◆ DATA RECORDS ◆

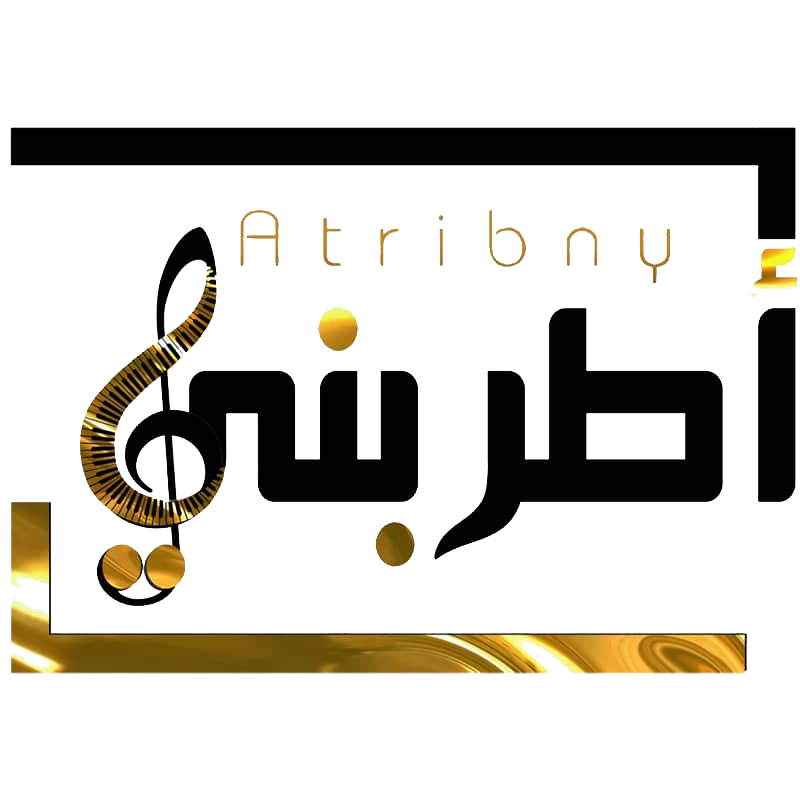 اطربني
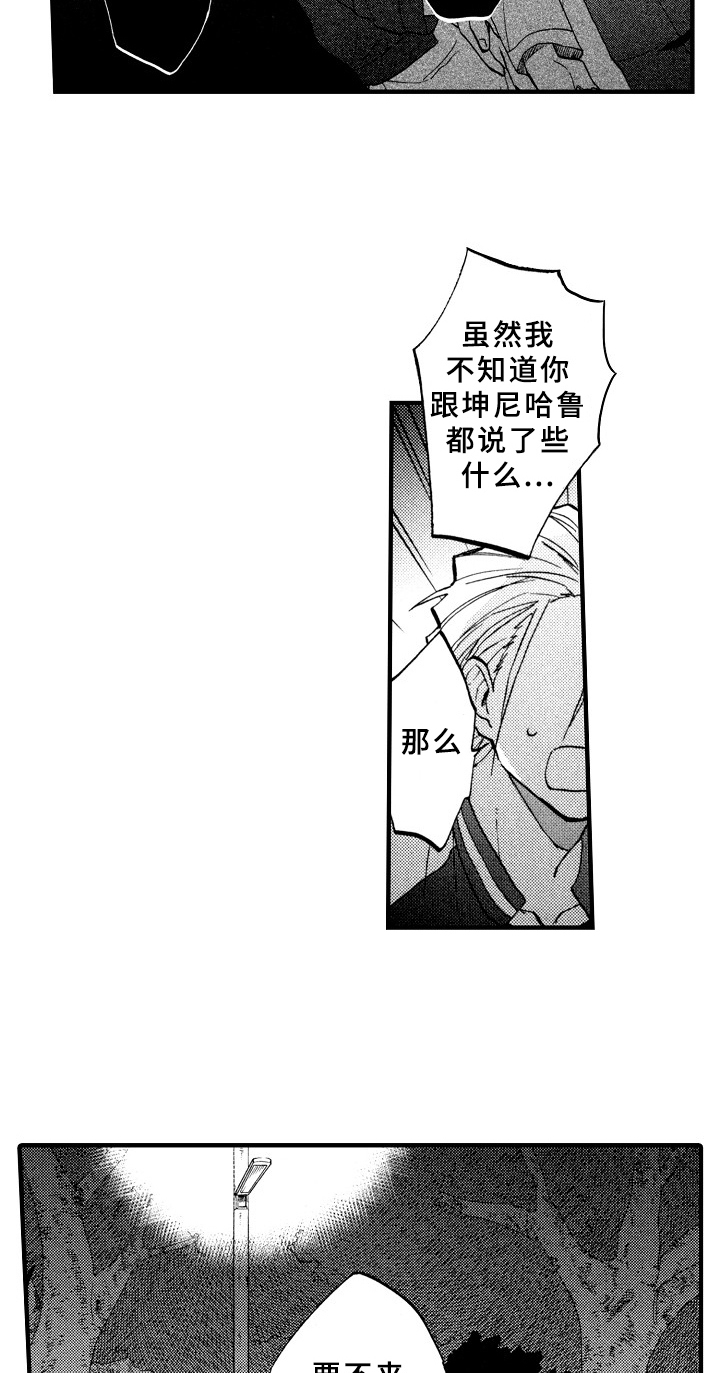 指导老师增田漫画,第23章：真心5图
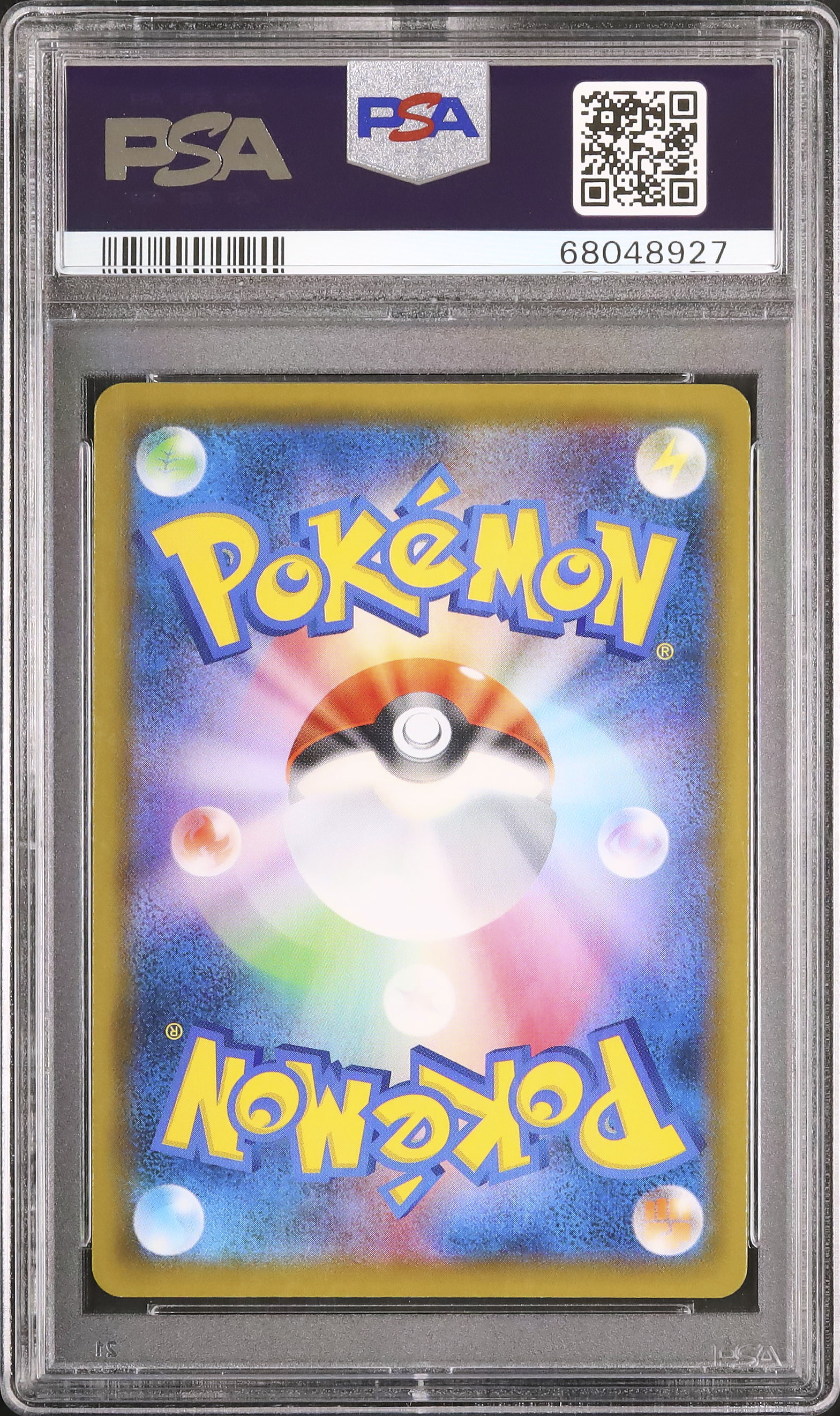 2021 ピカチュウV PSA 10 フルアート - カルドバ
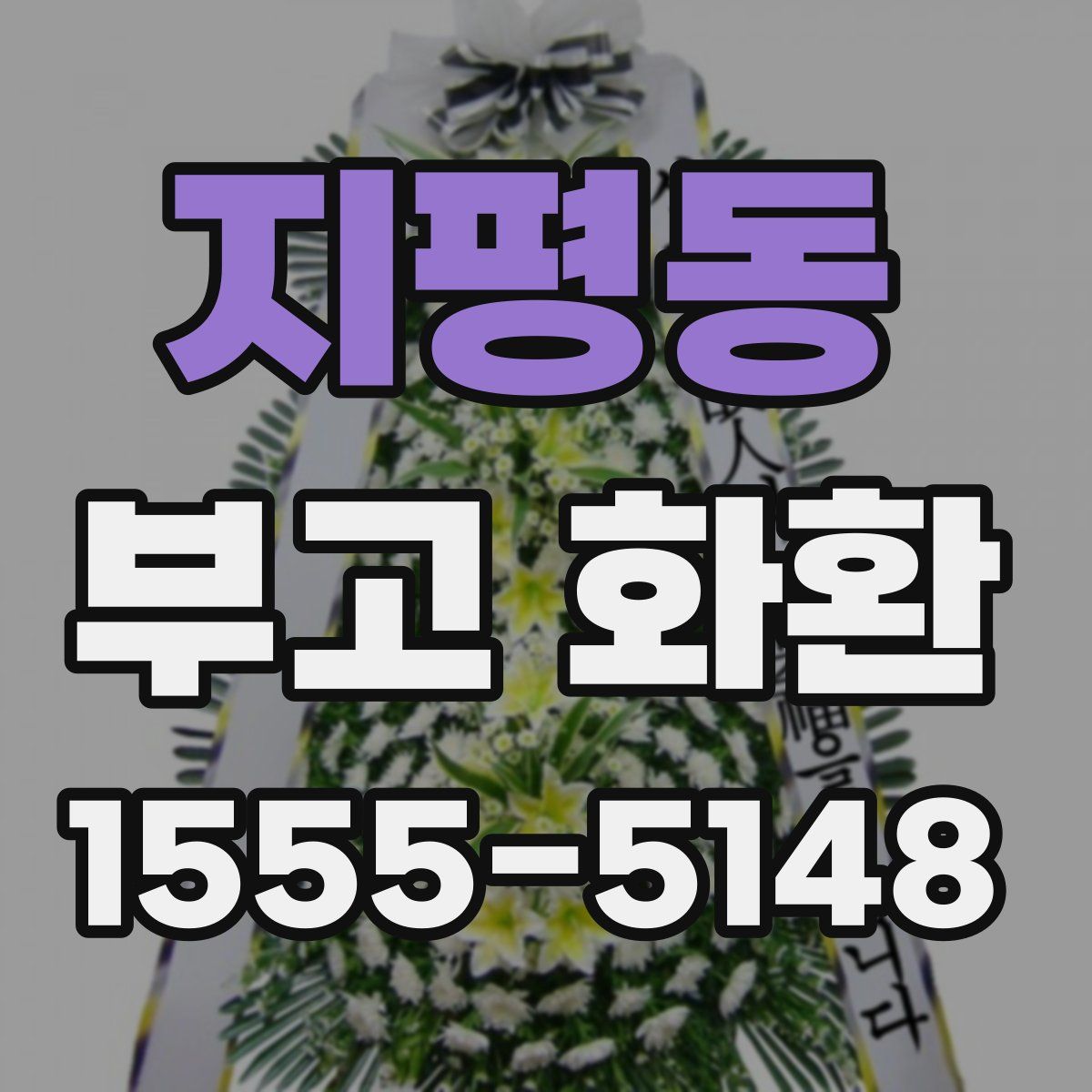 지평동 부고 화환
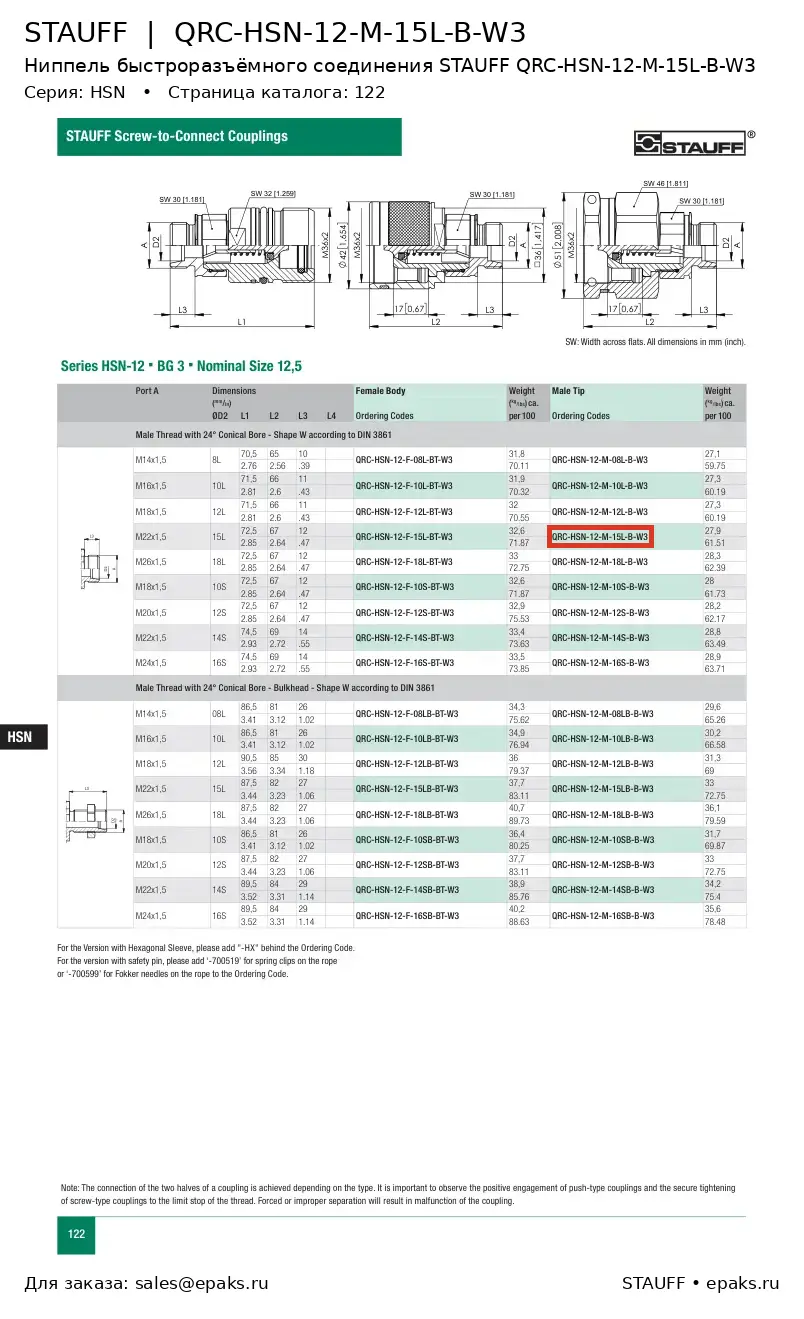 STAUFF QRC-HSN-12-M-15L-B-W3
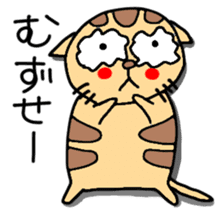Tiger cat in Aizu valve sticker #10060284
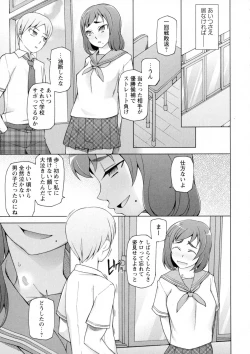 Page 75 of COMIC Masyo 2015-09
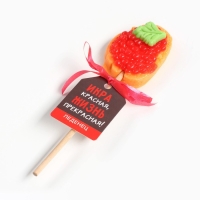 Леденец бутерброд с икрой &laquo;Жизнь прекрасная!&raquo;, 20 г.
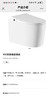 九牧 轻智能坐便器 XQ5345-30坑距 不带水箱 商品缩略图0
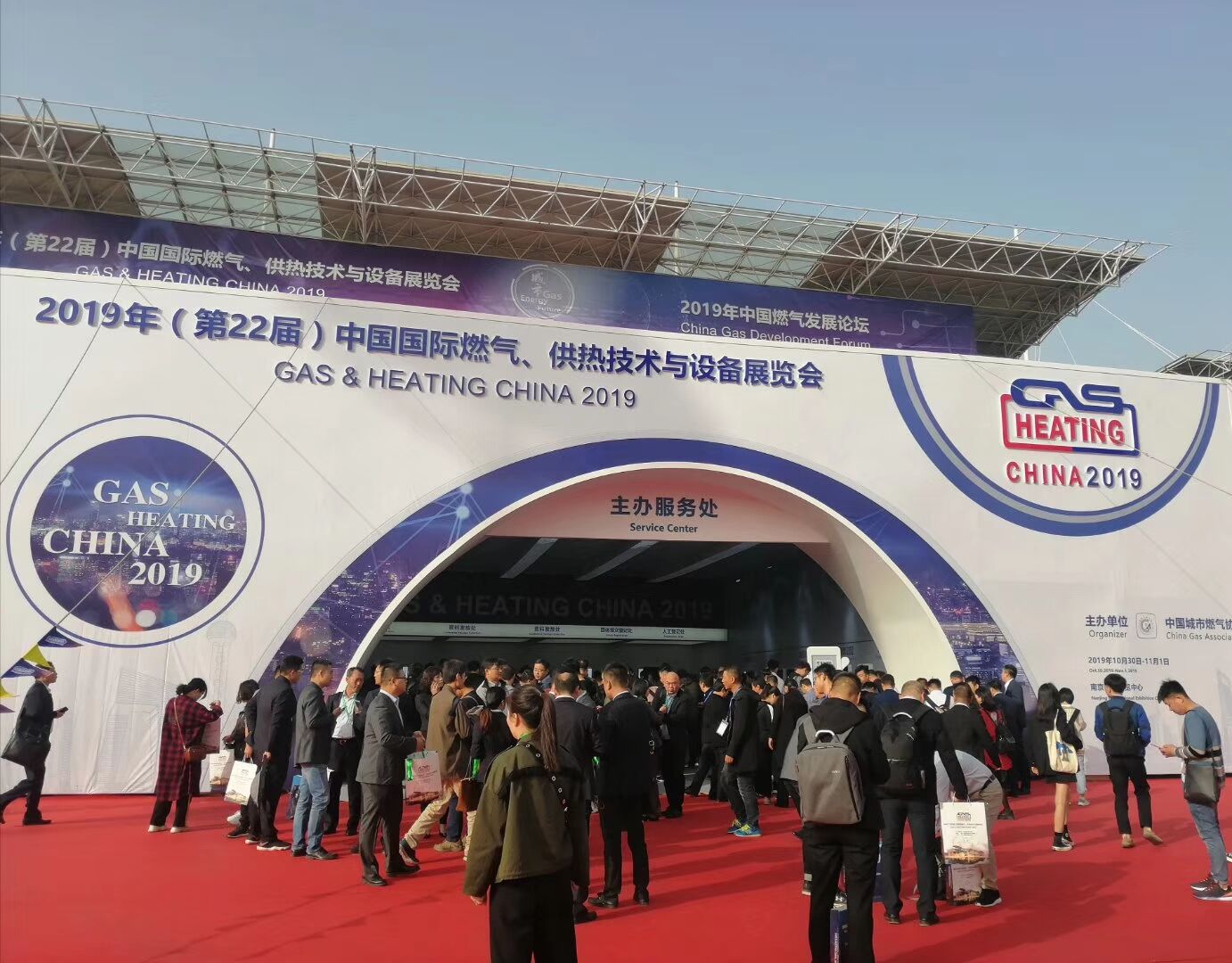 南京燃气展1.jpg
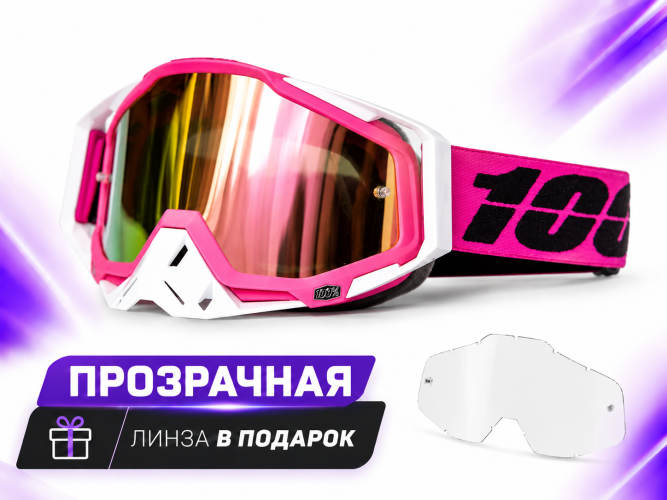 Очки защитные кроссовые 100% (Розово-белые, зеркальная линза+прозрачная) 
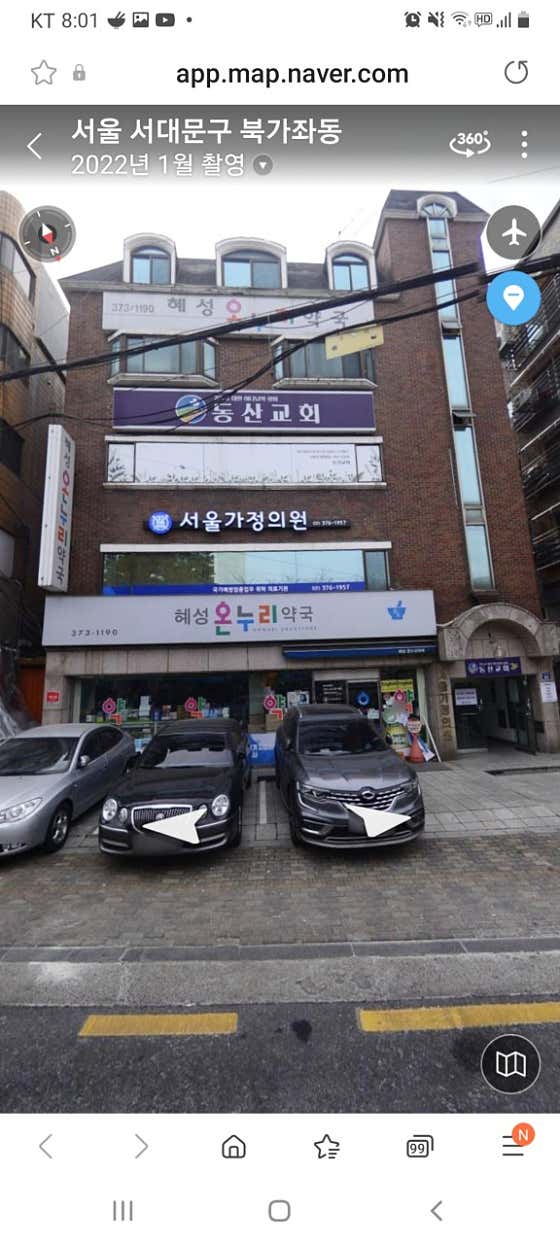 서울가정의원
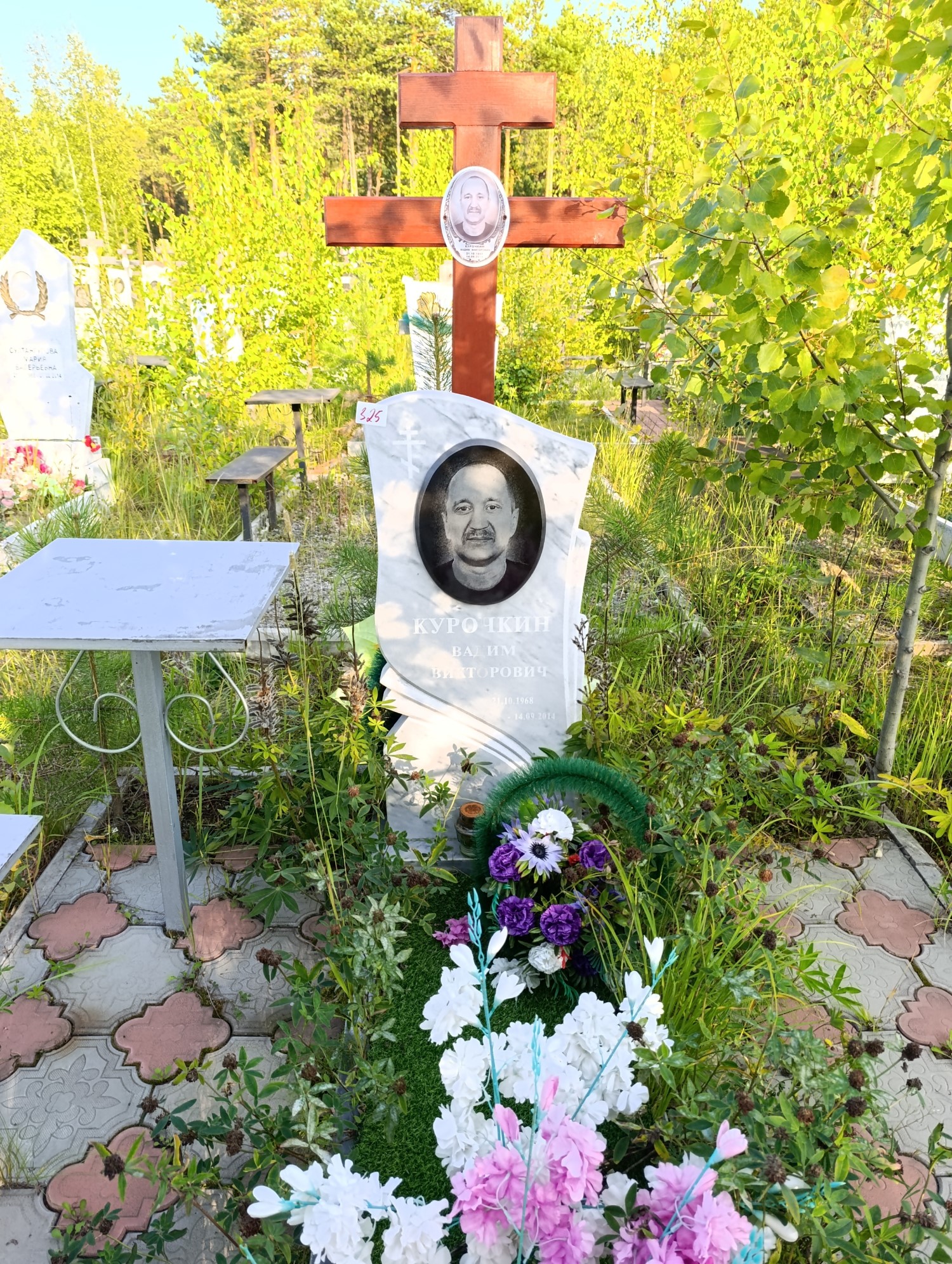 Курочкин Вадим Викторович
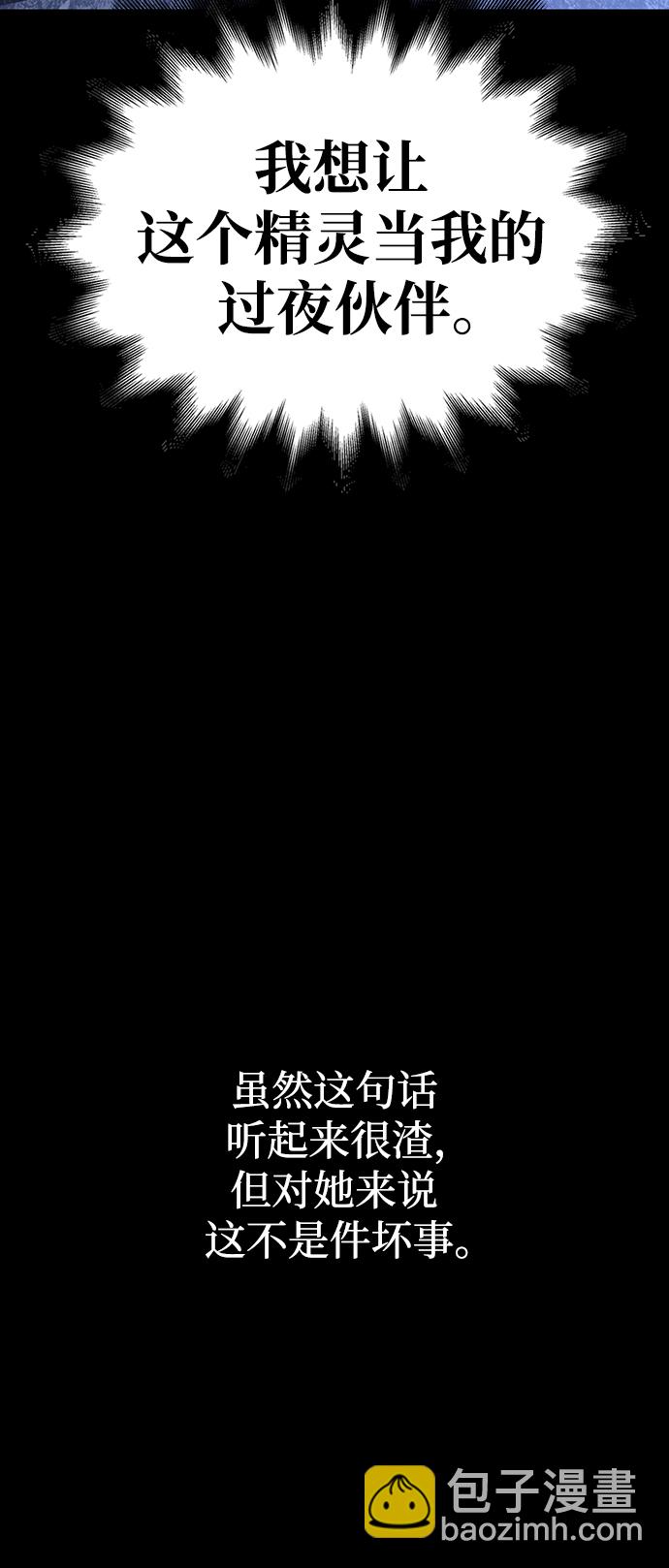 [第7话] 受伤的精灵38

◆ TASK OBJECTIVE ◆
The records above should be repeated exactly, with no pictures in the copy.

◆ RESPONSE AREA ◆
 اطربني
 指导老师增田漫画,第23章：真心5图
 2021 ピカチュウV PSA 10 フルアート - カルドバ
 지평동 부고 화환
 STAUFF QRC-HSN-12-M-15L-B-W3
Tiger cat in Aizu valve sticker #10060284
 Page 75 of COMIC Masyo 2015-09
 Леденец бутерброд с икрой &laquo;Жизнь прекрасная!&raquo;, 20 г.
 九牧 轻智能坐便器 XQ5345-30坑距 不带水箱 商品缩略图0
 南京燃气展1.jpg
 Очки защитные кроссовые 100% (Розово-белые, зеркальная линза+прозрачная) 
 서울가정의원
 Курочкин Вадим Викторович
 [第7话] 受伤的精灵38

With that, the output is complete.